In the answer, transcribe exactly the lines from the beginning of the material through the line holding "Banana fritters with", and skip every picture.

==== DATASET SECTION

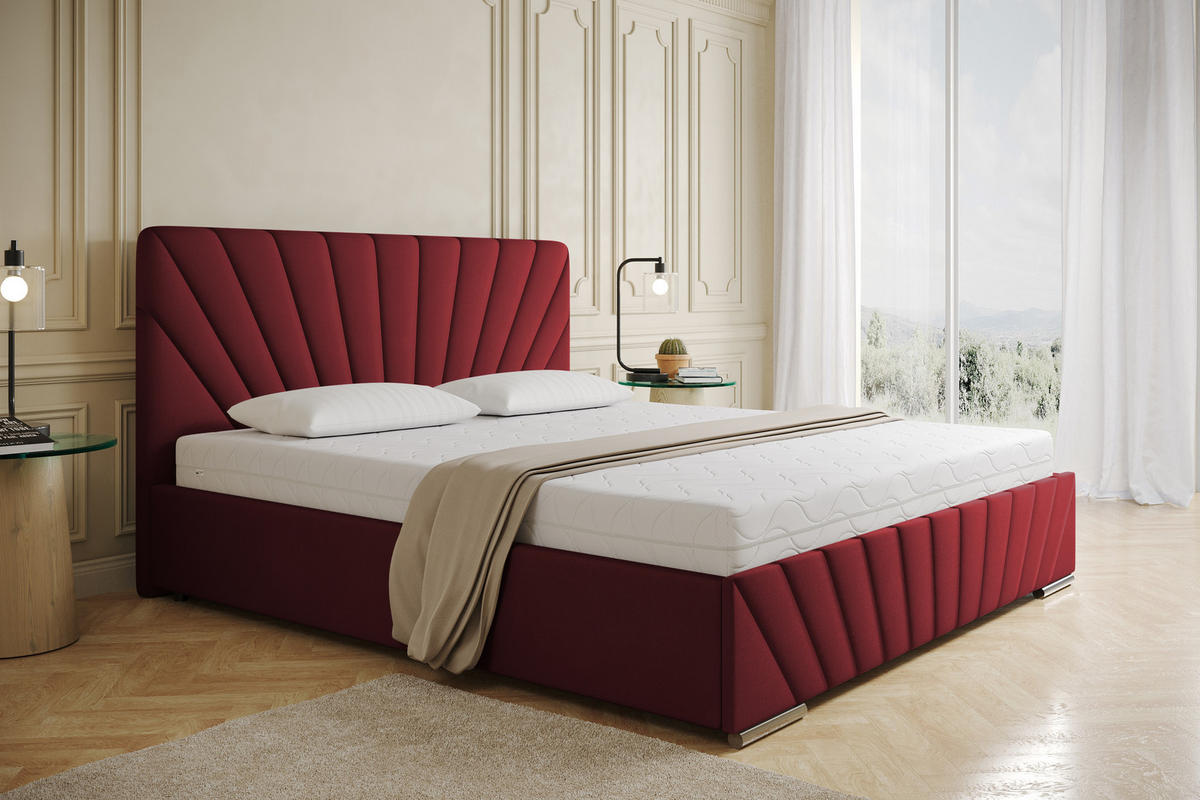 POLSTERBETT Ray 180 x 200 cm mit Bettkasten, Lattenrost und Taschenfederkernmatratze Pocket - Rot - Rot, Holz (180/206cm) - Panda Möbel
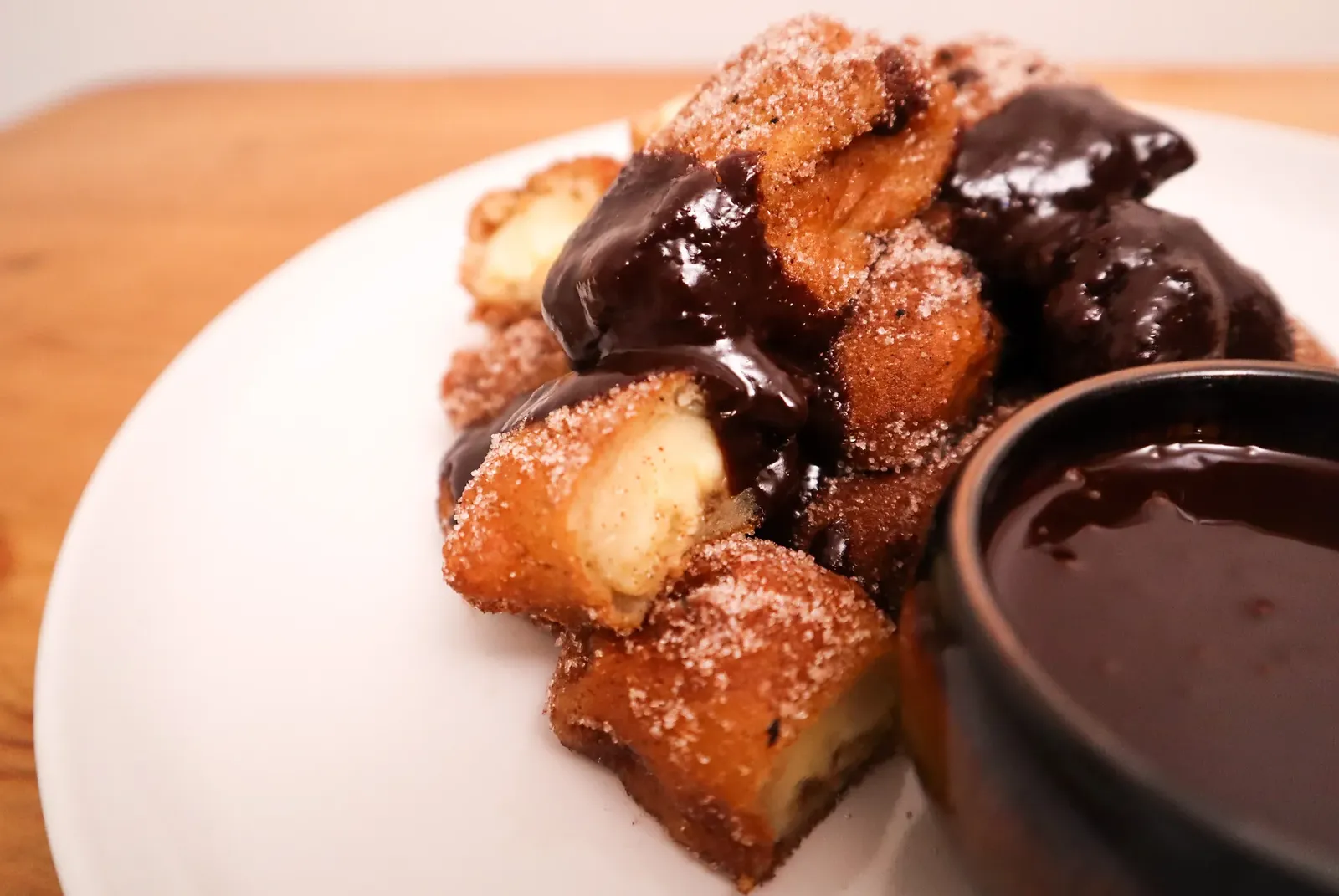 Banana fritters with cinnamon sugar, photographed for Pinch of Mint
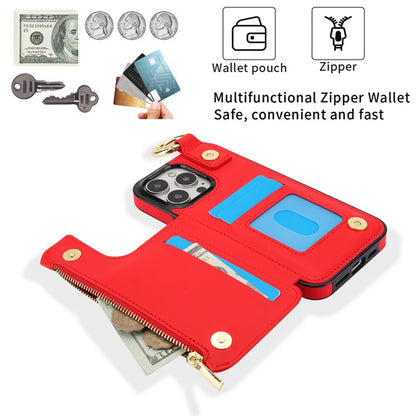 For iPhone 16 Pro RFlD Anti-theft Double Buckle Ring Zipper Card Phone Case(Red) - iPhone 16 Pro Cases by buy2fix | Online Shopping UK | buy2fix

========

REPLY:
 POLSTERBETT Ray 180 x 200 cm mit Bettkasten, Lattenrost und Taschenfederkernmatratze Pocket - Rot - Rot, Holz (180/206cm) - Panda Möbel
 Banana fritters with cinnamon sugar, photographed for Pinch of Mint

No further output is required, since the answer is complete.